Distributed systems are all around us, providing the backbone of the computing infrastructure that we rely upon — think of the mesh of computing nodes connected by wireless and wireline networks of various kinds that help us get our financial transactions done in the blink of an eyelid, or those that get our web orders processed, or those that make sure the lights turn on when we flip the switch. A question that has faced us for some time is:
Can these distributed systems stay available continuously as well as reconfigure when things change, say when the workload changes or the user requirements change?
It is a nuanced story and traces its roots back to the days where live upgrades of single node computing systems, like Linux or Lucent’s 5ESS switch, were designed. We take this for granted today thanks to heroic design and implementation efforts. But live upgrades of distributed systems throw up a set of opportunities as well as challenges.

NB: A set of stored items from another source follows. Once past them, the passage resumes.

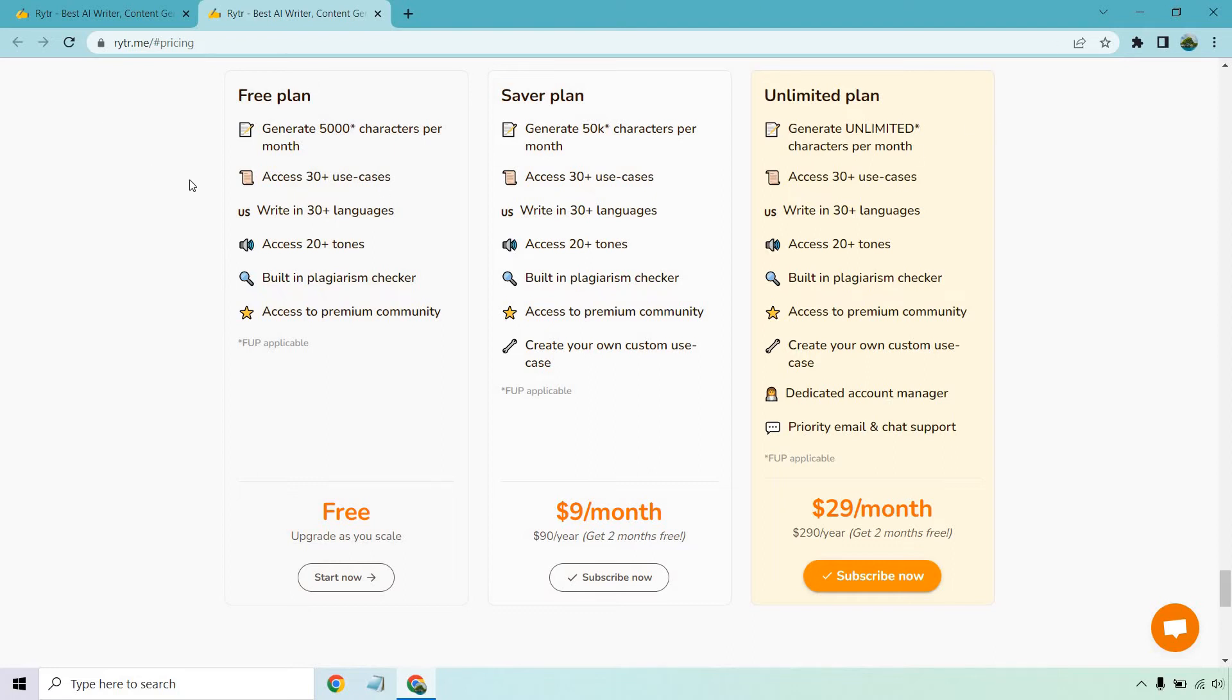But aside from that, you do get to access all the use cases. In case you're not familiar with them, those are the templates that you can use. For example, like copywriting with the AIDA formula, the PAS formula, you want to do stuff with YouTube, you want to do emails, you want to do blog outlines and content. All that different type of stuff is what you're going to be getting.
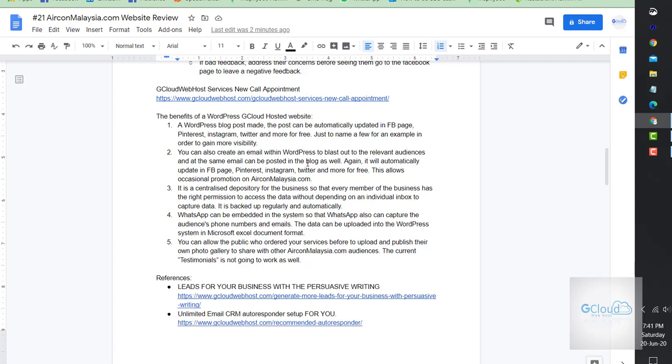You can create an email CRM system in WordPress to blast out to audiences. At the same time you have the option to post that email information on the blog post and the system will do the rest, automatically updating the rest of social media for you. You need to have a centralized depository for the business data and information so that we can analyze customer behavior.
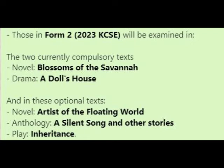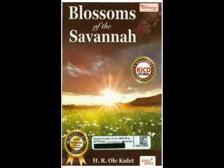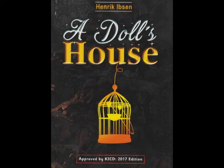This is the reason I have made this video. Starting April 2022, the Form 3 students who are currently in Form 2 will have the following compulsory books to study. Two books will be compulsory: Blossoms of the Savannah, a novel by Henry Ole Kulet, published by Longhorn; and A Doll's House, a play by Henrik Ibsen, published by East African Educational Publishers.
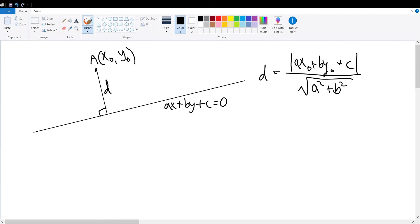Today, we're going to be proving the distance formula for a point to a line, modeled by its general formula of ax plus by plus c is equal to 0, with the distance equal to the absolute value of ax₀ plus by₀ plus c, divided by the square root of a squared plus b squared, with the point labeled as (x₀, y₀).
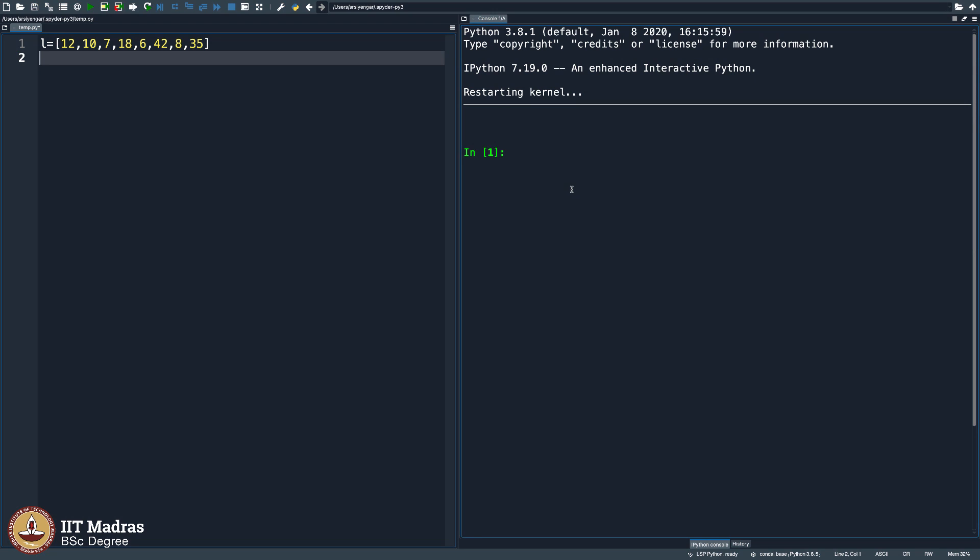Here you see is a list with some eight elements and I do not like this list because it is not sorted and I would like to go ahead and sort it.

Why would we want to upgrade or reconfigure?
We would want to upgrade for the obvious reason that there is new software or new hardware that needs to be put in place. Such upgrades are relatively infrequent events. Much more of a challenge is how to handle reconfiguration that may be needed much more frequently. Reconfiguration may be needed if:
- The workload characteristics coming into the distributed system change, say, a set of sparse read operations are replaced by bursty writes to some hot files.
- The environment of the execution platform changes, say, a demanding set of co-located applications start up.
- The user requirements change, say the user demands a faster response or greater resilience to errors. This may happen in response to some perceived security attacks or cascading failures.